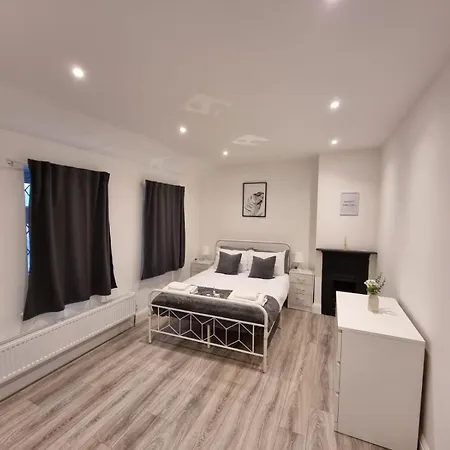 Holiday home Modern 2 Bedroom House In Greater London - Private Garden, Free Wifi And Parking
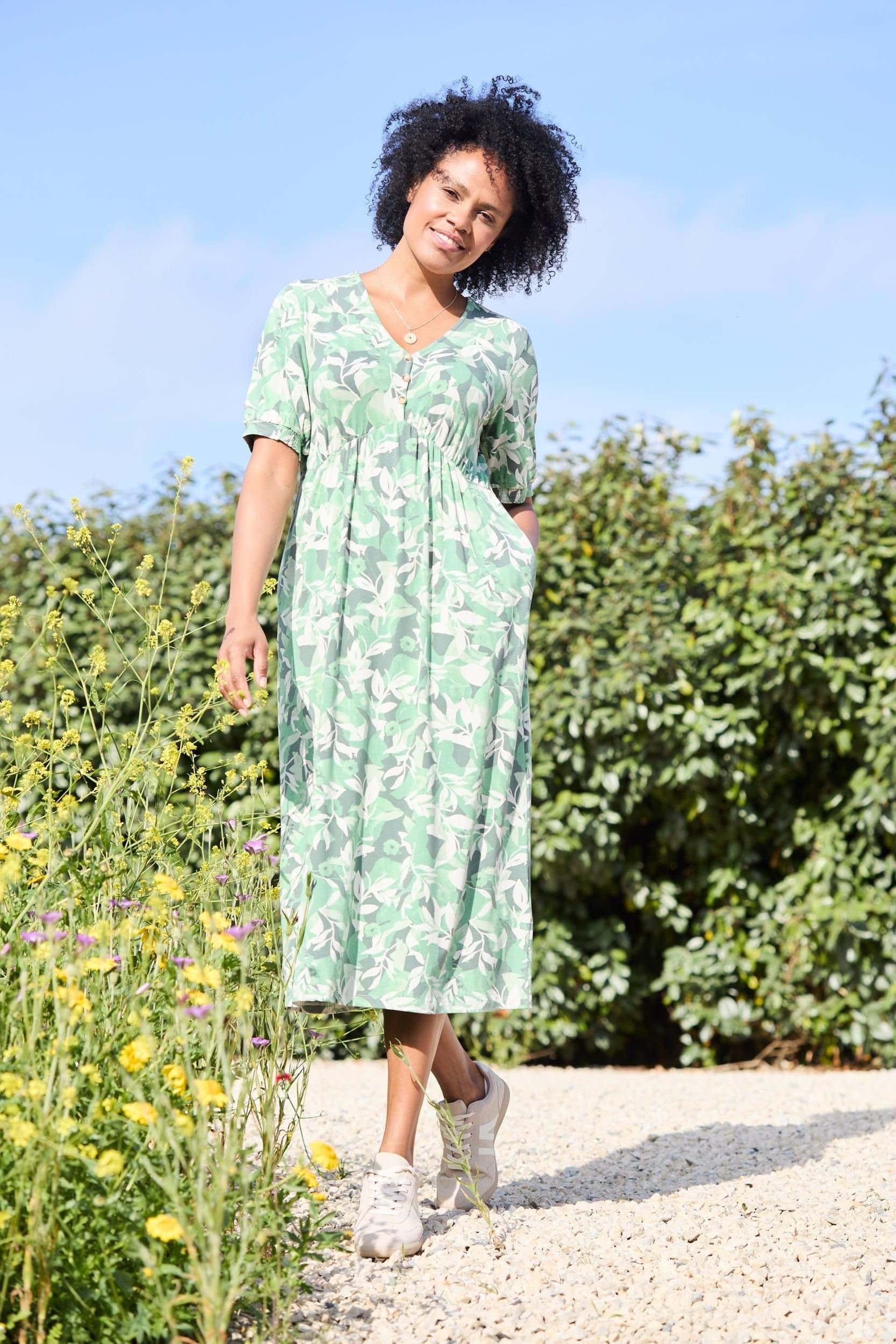 Lily & Me Lily & Me Women's Lilian Alder Print Viscose Short Sleeve Midi Dress with V-neckline in Green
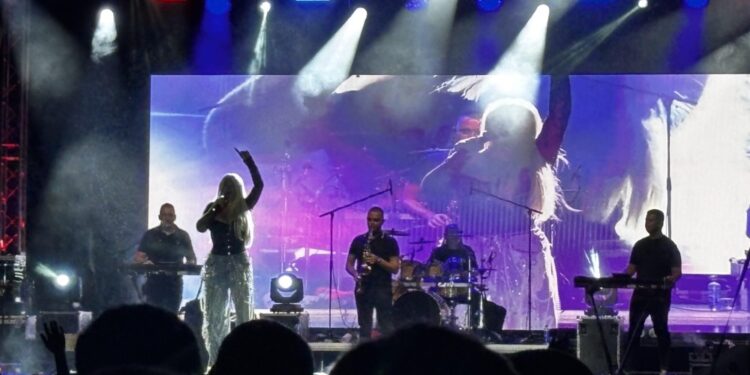 Mnogo jeftino za skupe pare: Dara Bubamara plaćena milion i po dinara za „koncert za pod šatru“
=-=-=
[What is expected]: Take the lines from the one holding "Lily & Me Lily" through the final line of the listing above and copy them exactly, both ends included, with no pictures.

[Written solution]:
 Lily & Me Lily & Me Women's Lilian Alder Print Viscose Short Sleeve Midi Dress with V-neckline in Green
 Mnogo jeftino za skupe pare: Dara Bubamara plaćena milion i po dinara za „koncert za pod šatru“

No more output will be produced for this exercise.